Erin shook the image from her head.
“I lock the doors in case someone tries to break in. I have a fire extinguisher in case something catches fire. I have insurance in case the sky falls . . . Do those things mean I’m paranoid?”
“Those are a little different.”
“Are they? Precautions and insurance. So far no one has ever broken into my house. The fire extinguisher wouldn’t have helped in a forest fire, and the insurance has been my saving grace. Having a firearm to protect my family is only a safeguard.” Parker paused. “And protect you, too, if I’m not mistaken. Which is why we came out here today.” Parker’s observation hit a little close to the mark.
The person she was safeguarding herself against had a face and a name that she was trying desperately to bury in her past. “And this is where I change the subject.”

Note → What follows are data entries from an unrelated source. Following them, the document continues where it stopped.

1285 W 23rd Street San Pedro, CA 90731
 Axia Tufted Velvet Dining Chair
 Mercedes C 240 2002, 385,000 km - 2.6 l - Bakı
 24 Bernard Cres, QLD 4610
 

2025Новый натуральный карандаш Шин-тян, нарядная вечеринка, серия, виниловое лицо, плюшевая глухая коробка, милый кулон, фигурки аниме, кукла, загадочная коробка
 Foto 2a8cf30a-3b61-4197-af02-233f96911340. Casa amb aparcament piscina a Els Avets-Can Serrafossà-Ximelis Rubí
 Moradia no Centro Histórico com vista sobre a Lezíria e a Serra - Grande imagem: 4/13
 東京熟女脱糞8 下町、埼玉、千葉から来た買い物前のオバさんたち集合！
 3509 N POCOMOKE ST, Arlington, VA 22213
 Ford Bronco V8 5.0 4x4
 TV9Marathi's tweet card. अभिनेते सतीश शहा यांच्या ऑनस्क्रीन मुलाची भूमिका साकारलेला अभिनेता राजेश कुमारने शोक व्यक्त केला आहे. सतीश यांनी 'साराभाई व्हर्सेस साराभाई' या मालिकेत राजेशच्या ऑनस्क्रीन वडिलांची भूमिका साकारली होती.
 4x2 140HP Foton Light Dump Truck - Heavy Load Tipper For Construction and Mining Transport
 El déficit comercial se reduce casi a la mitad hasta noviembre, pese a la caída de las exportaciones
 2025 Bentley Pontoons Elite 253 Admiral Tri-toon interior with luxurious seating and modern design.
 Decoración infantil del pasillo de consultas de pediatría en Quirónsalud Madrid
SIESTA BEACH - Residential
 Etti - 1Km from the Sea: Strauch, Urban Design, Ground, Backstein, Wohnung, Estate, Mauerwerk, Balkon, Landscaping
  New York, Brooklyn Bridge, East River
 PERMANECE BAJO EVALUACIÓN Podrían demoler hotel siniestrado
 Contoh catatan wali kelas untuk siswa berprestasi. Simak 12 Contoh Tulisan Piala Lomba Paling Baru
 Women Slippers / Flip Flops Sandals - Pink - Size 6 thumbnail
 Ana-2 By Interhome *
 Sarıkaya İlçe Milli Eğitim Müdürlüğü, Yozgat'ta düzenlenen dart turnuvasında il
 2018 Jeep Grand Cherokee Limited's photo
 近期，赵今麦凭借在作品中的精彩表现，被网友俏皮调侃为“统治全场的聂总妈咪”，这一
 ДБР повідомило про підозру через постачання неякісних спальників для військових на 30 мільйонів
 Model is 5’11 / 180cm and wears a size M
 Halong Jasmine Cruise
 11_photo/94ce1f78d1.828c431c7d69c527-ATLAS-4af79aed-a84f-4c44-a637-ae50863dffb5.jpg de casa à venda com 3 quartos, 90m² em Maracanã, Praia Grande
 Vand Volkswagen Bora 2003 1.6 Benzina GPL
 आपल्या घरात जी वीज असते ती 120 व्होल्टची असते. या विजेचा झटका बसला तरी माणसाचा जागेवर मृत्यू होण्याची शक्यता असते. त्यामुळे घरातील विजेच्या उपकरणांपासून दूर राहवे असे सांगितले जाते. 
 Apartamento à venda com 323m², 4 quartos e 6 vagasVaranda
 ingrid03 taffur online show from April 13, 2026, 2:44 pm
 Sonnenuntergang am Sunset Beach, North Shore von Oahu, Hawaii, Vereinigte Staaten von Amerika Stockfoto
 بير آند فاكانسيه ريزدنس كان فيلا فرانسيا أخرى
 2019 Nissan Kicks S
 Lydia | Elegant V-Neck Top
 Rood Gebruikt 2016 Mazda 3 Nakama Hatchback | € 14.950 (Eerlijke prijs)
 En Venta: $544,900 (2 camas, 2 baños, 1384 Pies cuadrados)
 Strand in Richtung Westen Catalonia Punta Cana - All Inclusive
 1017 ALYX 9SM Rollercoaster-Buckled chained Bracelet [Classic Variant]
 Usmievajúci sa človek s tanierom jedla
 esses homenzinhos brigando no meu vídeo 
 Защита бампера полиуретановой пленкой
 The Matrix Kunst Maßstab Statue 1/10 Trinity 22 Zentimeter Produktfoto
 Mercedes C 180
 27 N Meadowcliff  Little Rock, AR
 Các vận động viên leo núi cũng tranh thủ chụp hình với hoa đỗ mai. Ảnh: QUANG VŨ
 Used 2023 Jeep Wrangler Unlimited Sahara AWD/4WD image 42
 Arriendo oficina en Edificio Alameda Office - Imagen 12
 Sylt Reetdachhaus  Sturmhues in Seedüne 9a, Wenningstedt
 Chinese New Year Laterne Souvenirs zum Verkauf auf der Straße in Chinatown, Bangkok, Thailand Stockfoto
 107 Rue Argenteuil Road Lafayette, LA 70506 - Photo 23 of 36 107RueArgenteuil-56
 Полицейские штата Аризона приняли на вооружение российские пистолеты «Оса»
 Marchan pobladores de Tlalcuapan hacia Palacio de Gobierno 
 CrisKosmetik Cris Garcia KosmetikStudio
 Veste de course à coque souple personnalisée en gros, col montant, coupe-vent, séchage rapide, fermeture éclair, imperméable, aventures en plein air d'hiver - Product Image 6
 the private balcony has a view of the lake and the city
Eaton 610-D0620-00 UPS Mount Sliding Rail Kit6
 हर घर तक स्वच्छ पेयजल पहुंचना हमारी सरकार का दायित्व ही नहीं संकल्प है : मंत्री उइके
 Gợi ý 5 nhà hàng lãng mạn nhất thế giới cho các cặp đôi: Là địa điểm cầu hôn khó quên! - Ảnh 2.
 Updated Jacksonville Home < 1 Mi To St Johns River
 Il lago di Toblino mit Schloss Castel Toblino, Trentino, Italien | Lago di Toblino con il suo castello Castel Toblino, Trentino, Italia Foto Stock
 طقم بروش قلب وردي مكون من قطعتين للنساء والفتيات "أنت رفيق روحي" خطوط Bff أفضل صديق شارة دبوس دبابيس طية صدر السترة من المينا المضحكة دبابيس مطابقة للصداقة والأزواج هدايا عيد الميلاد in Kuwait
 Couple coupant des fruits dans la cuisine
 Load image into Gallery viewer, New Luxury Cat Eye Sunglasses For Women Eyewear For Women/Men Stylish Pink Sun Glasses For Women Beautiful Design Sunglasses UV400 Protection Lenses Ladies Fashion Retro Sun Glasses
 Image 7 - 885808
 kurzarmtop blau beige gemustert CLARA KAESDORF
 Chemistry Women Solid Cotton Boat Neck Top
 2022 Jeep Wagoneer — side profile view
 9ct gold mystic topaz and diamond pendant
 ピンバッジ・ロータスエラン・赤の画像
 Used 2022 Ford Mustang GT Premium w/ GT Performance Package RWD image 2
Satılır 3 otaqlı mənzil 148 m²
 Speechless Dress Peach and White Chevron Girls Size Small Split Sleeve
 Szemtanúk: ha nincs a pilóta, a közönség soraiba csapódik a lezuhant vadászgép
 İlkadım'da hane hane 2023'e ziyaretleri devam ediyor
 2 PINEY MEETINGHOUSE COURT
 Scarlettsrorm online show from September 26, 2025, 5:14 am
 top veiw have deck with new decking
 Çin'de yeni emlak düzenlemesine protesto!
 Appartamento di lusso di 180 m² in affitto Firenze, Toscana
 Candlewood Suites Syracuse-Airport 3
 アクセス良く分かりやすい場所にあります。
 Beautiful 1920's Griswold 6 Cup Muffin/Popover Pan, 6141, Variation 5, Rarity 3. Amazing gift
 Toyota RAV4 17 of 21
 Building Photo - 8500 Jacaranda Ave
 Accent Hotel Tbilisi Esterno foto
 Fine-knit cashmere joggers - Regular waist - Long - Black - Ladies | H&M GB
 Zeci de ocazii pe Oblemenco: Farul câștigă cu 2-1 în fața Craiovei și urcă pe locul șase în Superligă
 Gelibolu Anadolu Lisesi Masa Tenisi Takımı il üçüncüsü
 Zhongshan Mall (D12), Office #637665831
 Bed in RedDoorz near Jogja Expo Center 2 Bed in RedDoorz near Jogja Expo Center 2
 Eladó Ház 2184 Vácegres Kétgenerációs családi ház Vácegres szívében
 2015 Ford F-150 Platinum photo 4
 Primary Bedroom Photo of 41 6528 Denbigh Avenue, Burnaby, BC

Parker laughed. “I didn’t expect anything less.”
Thirty minutes later they drove onto the gated property and past a crew of plumbers digging a long path across the land. The water main to the house had been washed downstream in one of the many flash floods they’d endured during the winter following the fire. Now that spring weather was finally at an end and the hot sun that defined Southern California was out, Parker had hired the crew to fix the pipes permanently. A long fire hose connecting water from the city to the house had kept them from having to live somewhere else while they waited for the weather to cooperate.
For Erin, the inconvenience was minimal. They’d only had a cluster of days that they’d been without any running water at all. Considering the extent of damage to the property, she counted her blessings.